We always knew about the cat's whiskers, but U.S. engineers have discovered it is really the cat's tongue we should be raving about.
Cats have a unique lapping technique — a cat's tongue moves as fast as one metre per second while drinking, the researchers reported in Friday's Science journal.
And while it might be an interesting addition to feline facts, the researchers also believe this insight may benefit the design of soft robotics to handle liquids.
Co-author Dr. Roman Stocker, of the department of civil and environmental engineering, at the Massachusetts Institute of Technology, says the inspiration for the work came from his cat, Cutta Cutta, named after Cutta Cutta National Park in the Northern Territory, which he visited while working in Perth from 2000-02.
"Three years ago, I was watching Cutta Cutta lap during breakfast and realized there was an interesting biomechanics problem behind this simple action," he says.
"Initial high-speed videos revealed the elegance of the lapping action, which the naked eye misses entirely."
Study co-author Pedro Reis spoke with CBC'sQuirks & Quarks. You can download the interview as an .mp3 or listen to the full show.
Vertebrates are divided into two classes of animals, says Stocker. There are those with complete cheeks, for example, humans, sheep, horses and pigs, and those with incomplete cheeks, for example most carnivores.
He says animals with incomplete cheeks have evolved to open their jaws extensively to catch prey, but cannot generate suction with their mouths, so they have to use different strategies to drink.

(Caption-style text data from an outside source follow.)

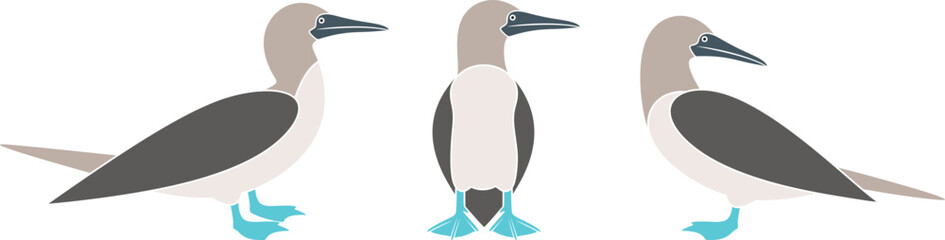 Booby logo. Isolated booby on white background. Gannet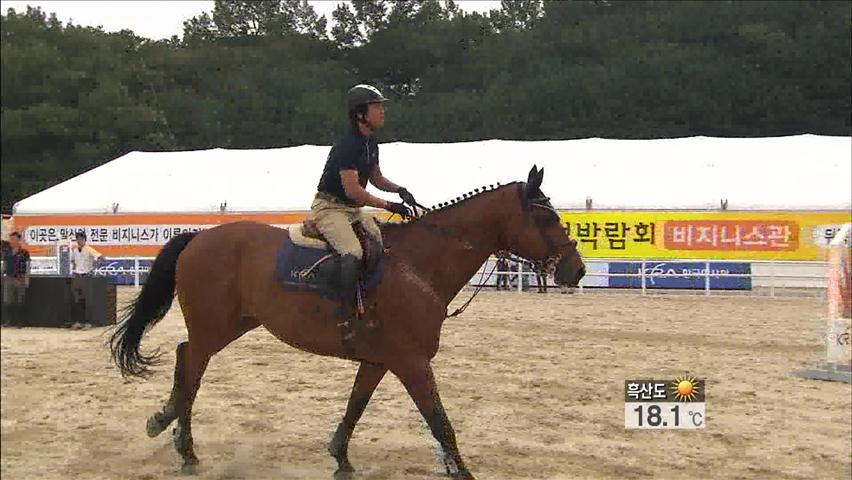 ‘레저부터 힐링까지’ 블루오션 말 산업 뜬다!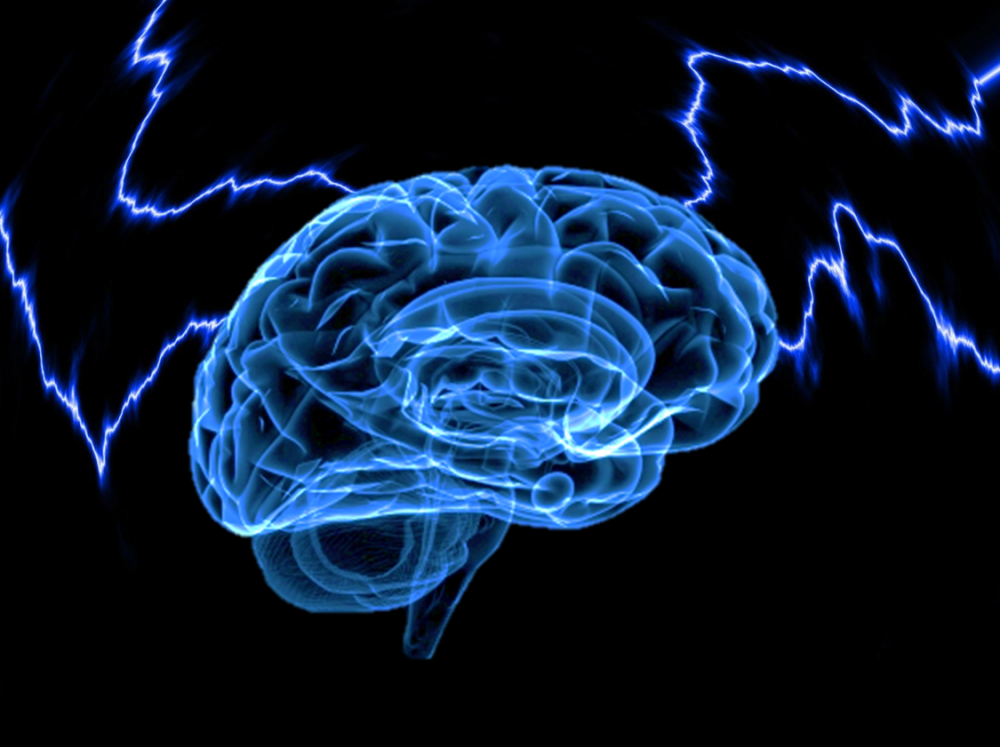 Kutatók éjszakája Pécsett is - mit tud Ön az emberi agy visszanövesztéséről?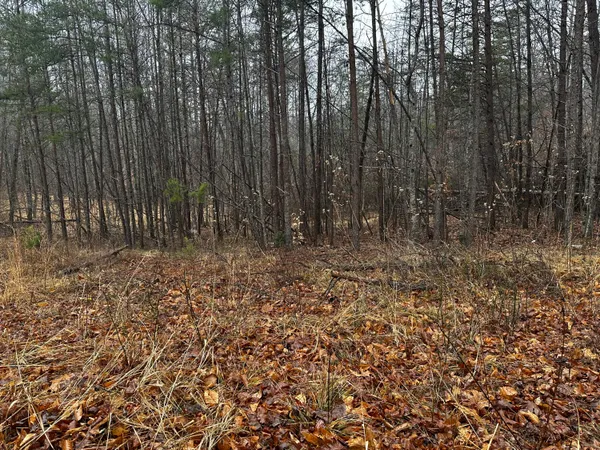 $5,500 | Tbd Lauren Mill Drive, Fieldale, VA 24089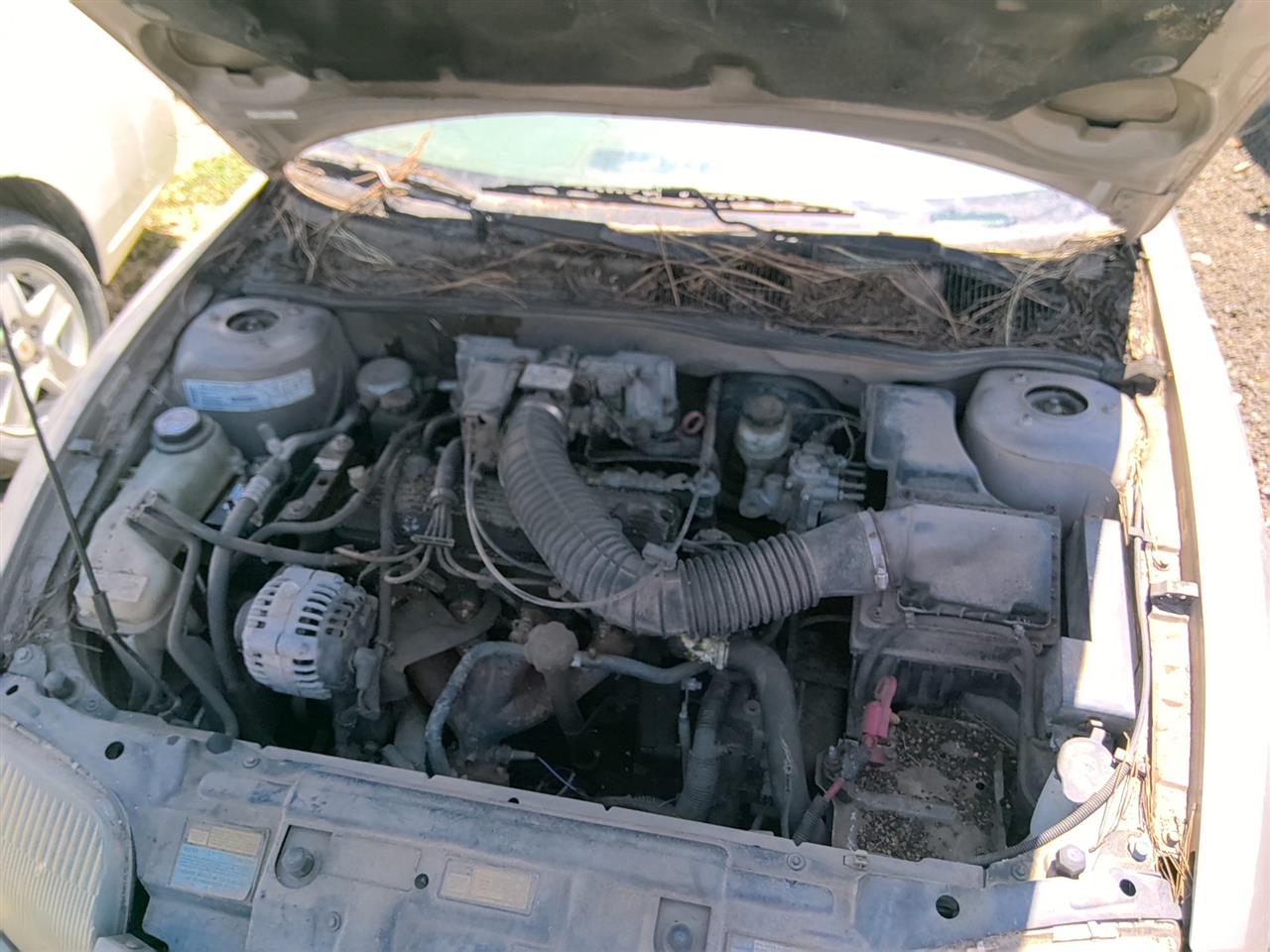 https://f005.backblazeb2.com/file/img-partshotlines-com/Inventory/SW52/Vehicle/21437_04.jpg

Dogs drink by extending their tongue out from the mouth, morphing it into a cup. As their tongue enters the water, the 'cup' fills with liquid and they then bring it to the mouth.
"In our study we show that cats drink using a very different mechanism that exploits a detailed balance between gravity and inertia," says Stocker.
The videos show that, unlike their canine counterpart, cats do not scoop up the liquid.
Rather they bend the upper side of their tongue under so that the top surface lightly touches the liquid.
The cat then raises its tongue rapidly, drawing the water up in a liquid column and closes its jaw to capture the fluid before gravity breaks up this column.
The researchers are unsure why this difference has evolved, but suggest it may be connected with how "messy" the dog's action is in terms of water splashes and spray.
"We can speculate it may be related to keeping their whiskers dry, since these play a very important sensory function," says Stocker.
This elegant action is often missed by cat owners, however, as it is done too fast for the human eye to see — the cat laps four times a second and its tongue moves at a speed of one metre per second.
It seems the cat has a good grasp of physics, says co-author Dr Jeffrey Aristoff, of Princeton University.
The researchers predicted and came up with a formula that showed cat size would affect lapping speed, with larger cats lapping more slowly.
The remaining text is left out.